Blaak 31, a 12-story office building from KCAP shows a striking form, distinctive and recognizable with rotated volumes.
A large number of new projects in Rotterdam’s Laurenskwartier and the Waterstad contribute to the current revival of the historic city of Rotterdam. A new series of buildings for living and working is added to the reconstruction architecture of the 1950’s to make the centre lively and attractive again.
“The location of Blaak 31 on one of Rotterdam’s inner city boulevards and at the corner next the Blaak metro and train station is a striking and historically significant position in the city centre where it lacked urban intimacy. The design therefore provides a lively street profile with public functions. At the same time it gives a spatial limit to the area,” says Han van den Born, partner of KCAP.
On this important site the 12-story building shows a striking form, distinctive and recognizable. The volumes are slightly rotated relative to each other and shift 2.70 meters every three floors. This form is partly determined by the distance to the Market Hall with the aim of allowing maximum light and privacy for both buildings. In addition, the underground metro line affects the massing of the building.

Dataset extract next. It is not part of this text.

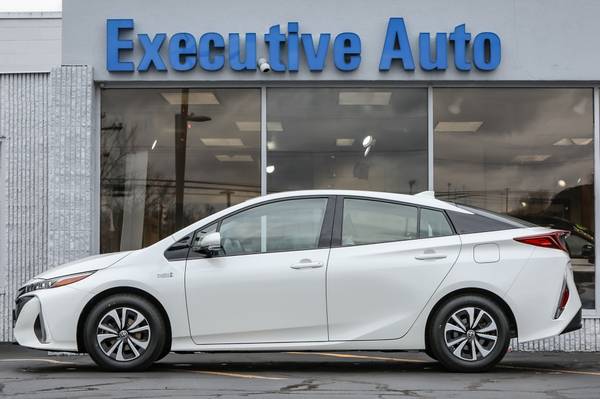 2017 TOYOTA PRIUS PRIME - - by dealer - vehicle for sale in Smithfield, RI – photo 4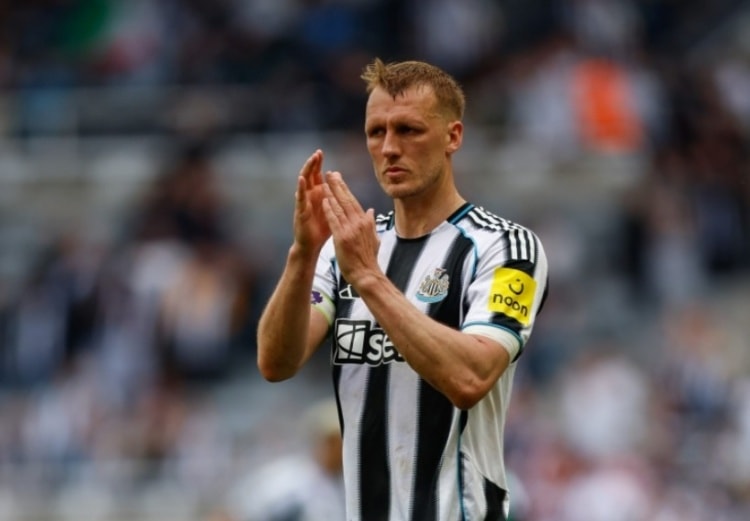 Newcastle United'da kaptanlık Dan Burn'e emanet!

The interior has an open structure with large flexible office floors combined with atriums and waterfall stairs to enable communication, interaction and encourage an informal working atmosphere. On the ground and first floor one finds the more public type of office functions. A modern and transparent library and auditorium adjacent to the street are connected by a monumentally elegantly curved staircase to the restaurant and meeting center on the first floor.
The predominately natural materials are used in a contemporary way of design. The materialisation supports a personal, quiet and transparent working environment on the office floors. Three different types of stairs of which one is inspired on M.C. Esscher’s work connect the floors in the most optimal way.
The facade, with its horizontal lines of glass and natural stone, emphasises the shape of the building and allows good daylighting inside the offices and generous views to the street activities outside. “This openness is also perceived from the outside. Not only is the spectacular steel structure visible from the outside, but also the life and work within the building,” continues Han van den Born.
The building has been realized within the maximum available construction time of 21 months. With the use of sustainable materials and techniques the building reaches a GreenCalc+ score of over 200 points.